As I said in the previous post, there is a duality:

Points on a Curve (Geometry) $\Leftrightarrow$ Solutions of an Equation (Algebra)

This means we can answer geometric questions using algebra and answer algebraic questions using geometry.

### Problem

Consider the following two questions:

1. Find the tangents to a circle $\mathcal{C}$ of a given slope.
2. Find the tangents to a circle $\mathcal{C}$ through a given point.

Both can be answered using the duality principle.

#### Example

Find the tangents to the circle

$\mathcal{C}\equiv x^2+y^2-4x+6y-12=0$

that are

(a) parallel to the line $L\equiv 4x+3y+20=0$

(b) through the point $(-10,-5)$ [caution: the numbers here are disgusting]

##### Solution (a) i:

First of all a sketch (and the remark that a tangent is a line):

Here we see the circle $\mathcal{C}$ and the line $L$ on the bottom left. The two tangents we are looking for are as shown. They have the same slope as $L$ and have only one intersection with $\mathcal{C}$. These two pieces of information will allow us to find the equations of the tangents.

Let us first find the slope of $L$ by writing it in the form:

$y=mx+c$.

$3y=-4x-20$

$\displaystyle\Rightarrow y=-\frac43 x -\frac{20}{3}$.

Now any line parallel to $L$ also has slope $m=-\frac43$ and thus is of the form:

$\displaystyle y=-\frac{4}{3}x+c$,

for some $c$ (the ‘lower/bottom’ line will have the smaller $c$-value).
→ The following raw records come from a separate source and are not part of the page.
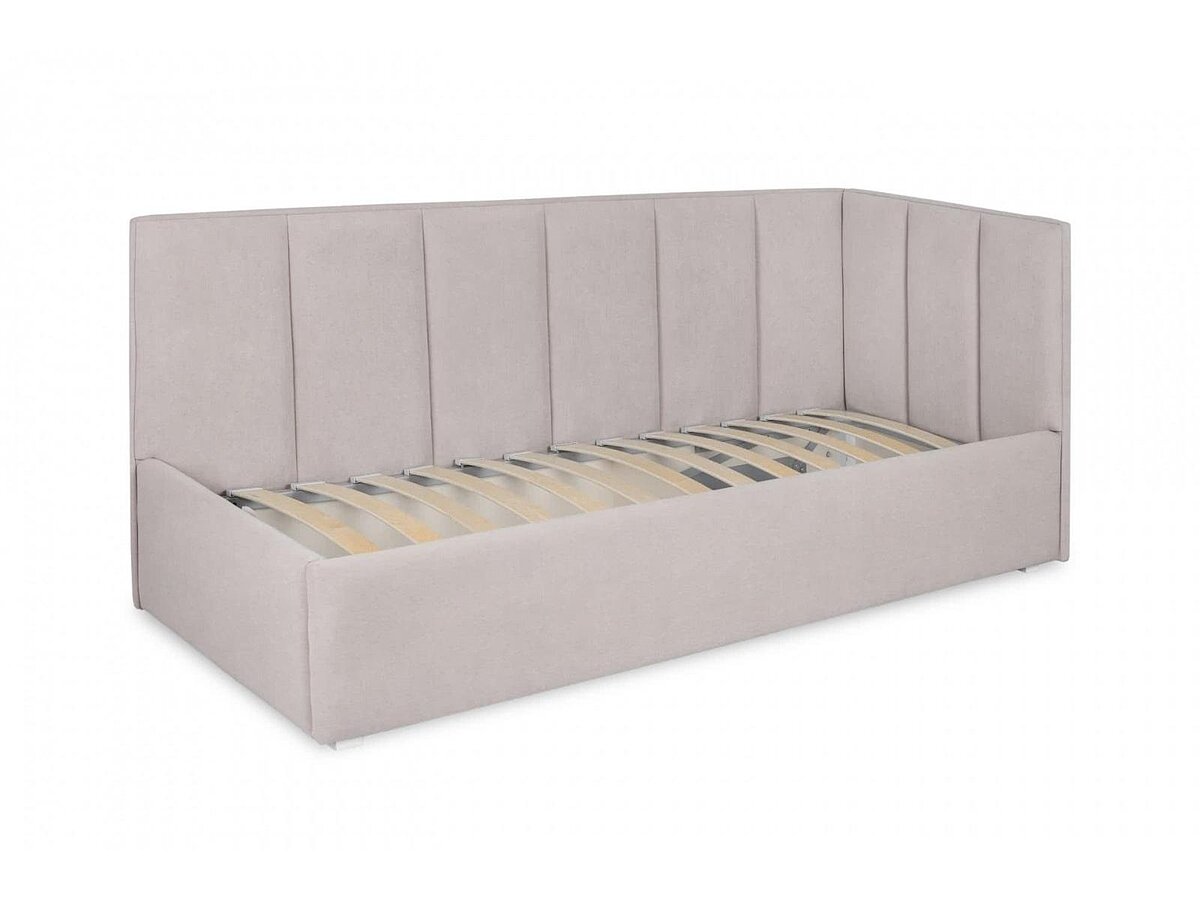 Кровать Лион-мебель Лайф с ПМ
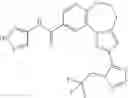 Fig. 55 - Benzoxazepin PI3K inhibitor compounds and methods of use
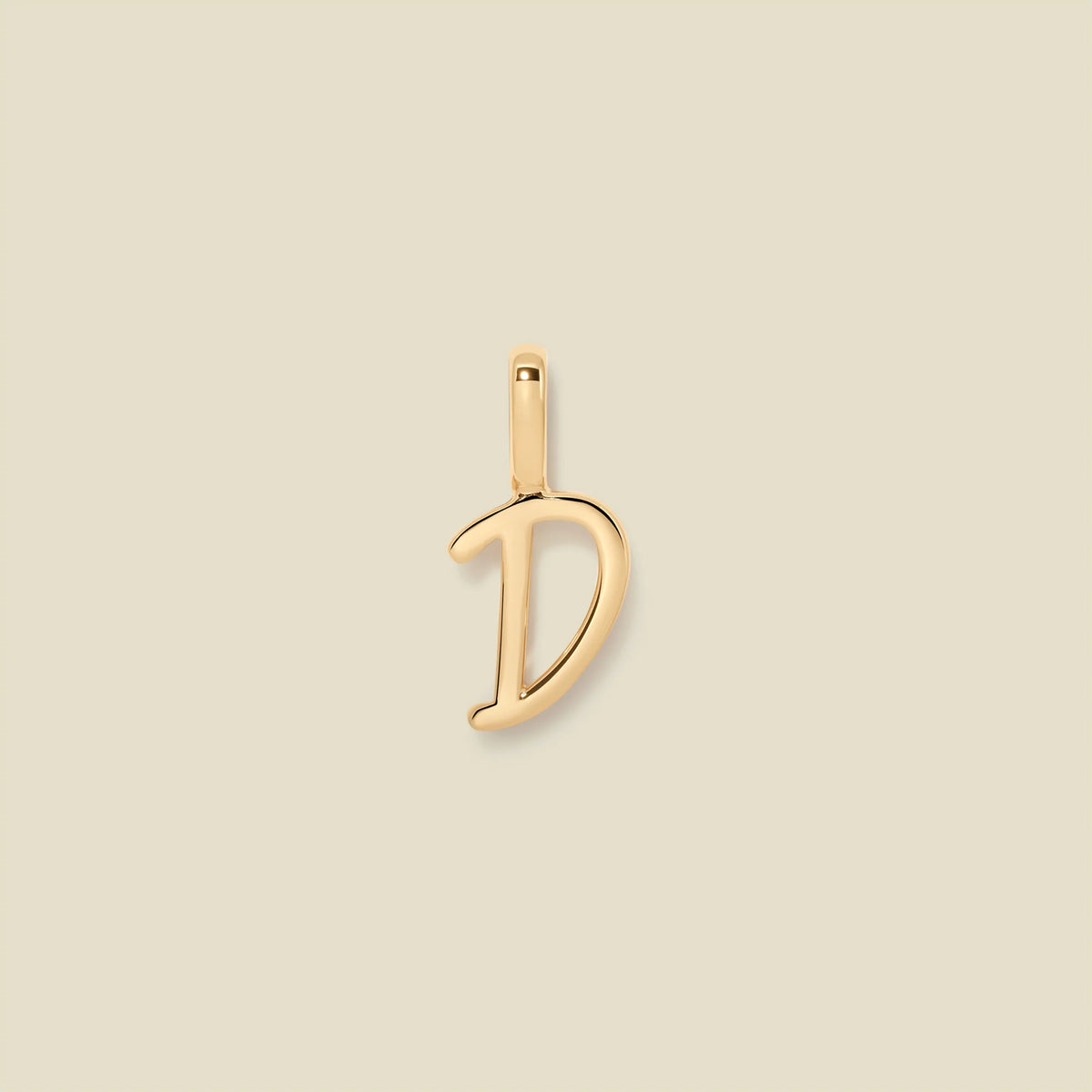 Script Initial D Charm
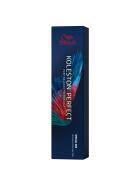 Wella Professionals Koleston Perfect Me+ Special Mix 60 ml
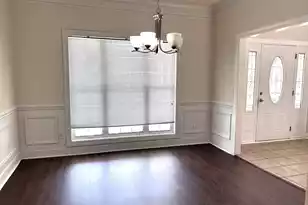 1721 Fox Ridge Ct, Charleston, SC 29414 - Photo 9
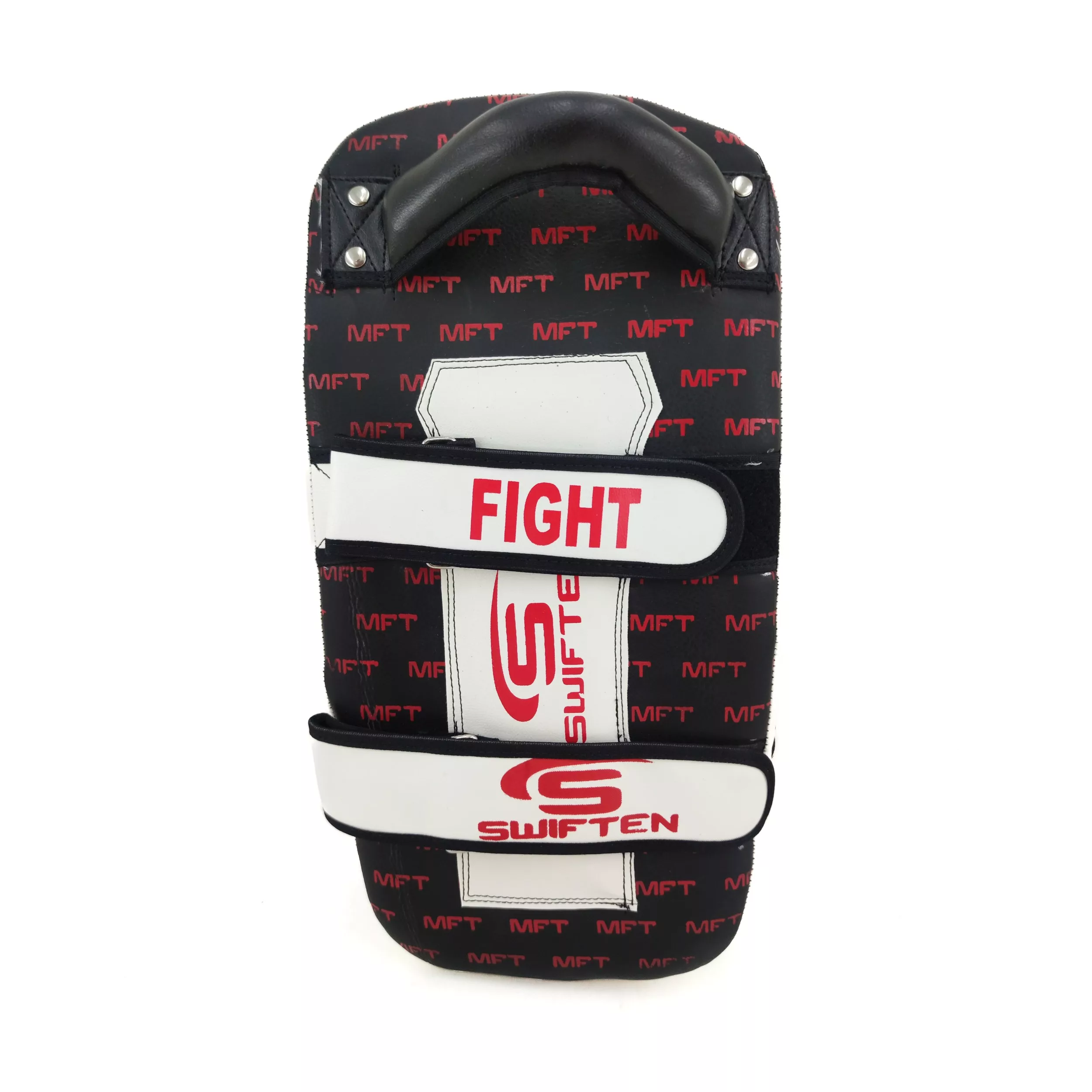 میت رزمی سوییفتن مدل Sambak-2430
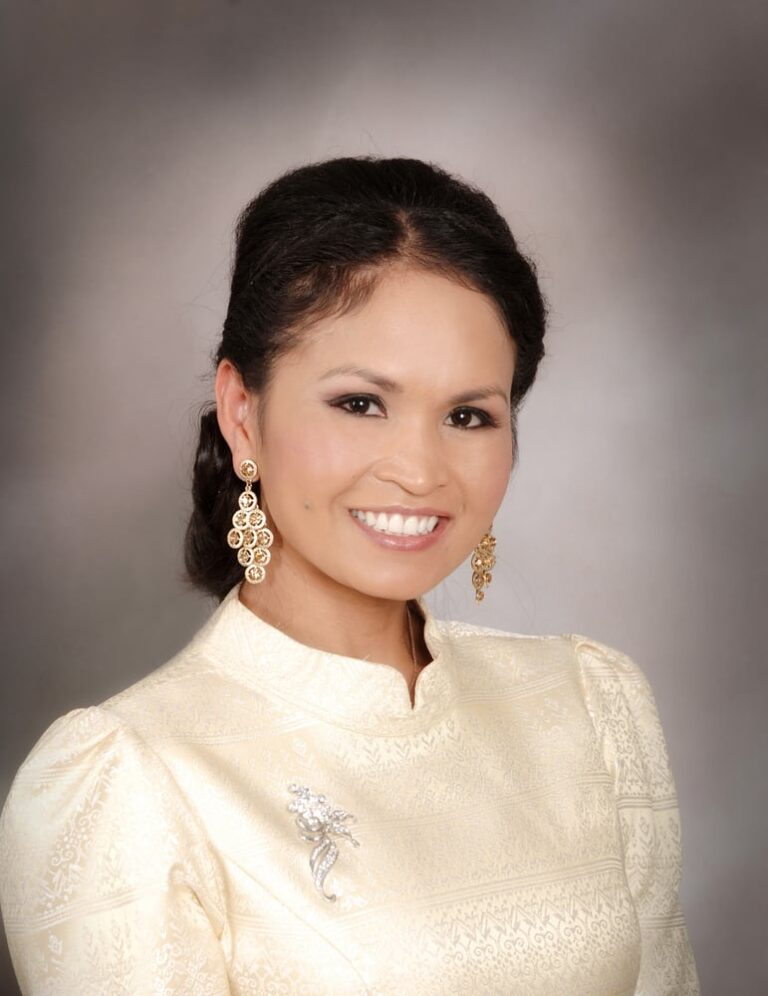 loandepot chula vista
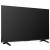 Телевизор 50" (126 см) Toshiba 50C350RE серый Телевизор 50" (126 см) Toshiba 50C350RE серый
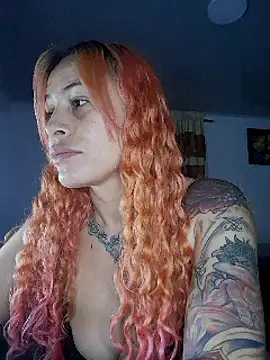 Snapshot of Sexy-Favgirl chatting on January 30, 11:44 am Sexy-Favgirl online show from January 30, 11:44 am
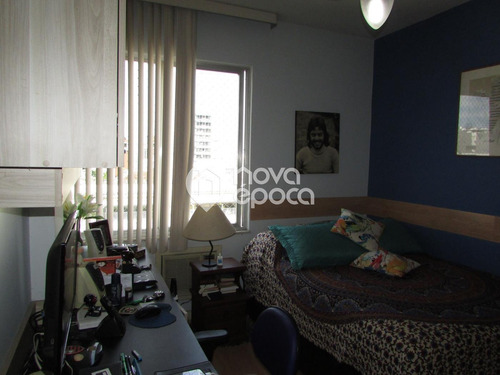 Imagem 9 de 29 de Apartamento - Ref: Lb2ap13114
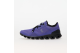 ON M Cloud X 3 Ad (3MD30322032) violet 6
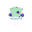 woorica999.com icon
Now the second condition is that a tangent to a circle intersects it at a single point only. Now an intersection between two curves is a point on both curves and by duality the coordinates of the intersection satisfy both curve’s equations at the same time. That is we want the following simultaneous equations to have a single solution only (in general an $x^2$ has two):

$x^2+y^2-4x+6y-12=0$

$\displaystyle y=-\frac{4}{3}x+c$

$\displaystyle \Rightarrow x^2+(c-\frac43 x)^2-4x+6\left(c-\frac43x\right)-12=0$

$\displaystyle \Rightarrow x^2+c^2-\frac83 cx+\frac{16}{9}x^2-4x+6c-8x-12=0$

$\displaystyle \left[1+\frac{16}{9}\right]x^2+\left[-\frac83 x-12\right]c+(c^2+6c-12)=0$

$\displaystyle \frac{25}{9}x^2+(-12-\frac83 c)x+(c^2+6c-12)=0$

Now this is a quadratic in $x$. It is a $+x^2$ quadratic and so has $\bigcup$ geometry. For it to have a single root it must look like:

A quadratic has a single (repeated) root when $b^2-4ac=0$.

Therefore the circle and line of slope $-4/3$ has a unique solution if:

$\displaystyle \left(-12-\frac83 c\right)^2-4\left(\frac{25}{9}\right)(c^2-6c-12)=0$

Note that this is a quadratic in $c$ — and so has two solutions as expected. Multiplying out and simplifying gives:

$\displaystyle 144+\frac{192}{3}c+\frac{64}{9}c^2-\frac{100}{9}c^2-\frac{200}{3}c+\frac{400}{3}=0$

$\displaystyle \Rightarrow 4c^2-\frac{8}{3}c-\frac{832}{3}=0$.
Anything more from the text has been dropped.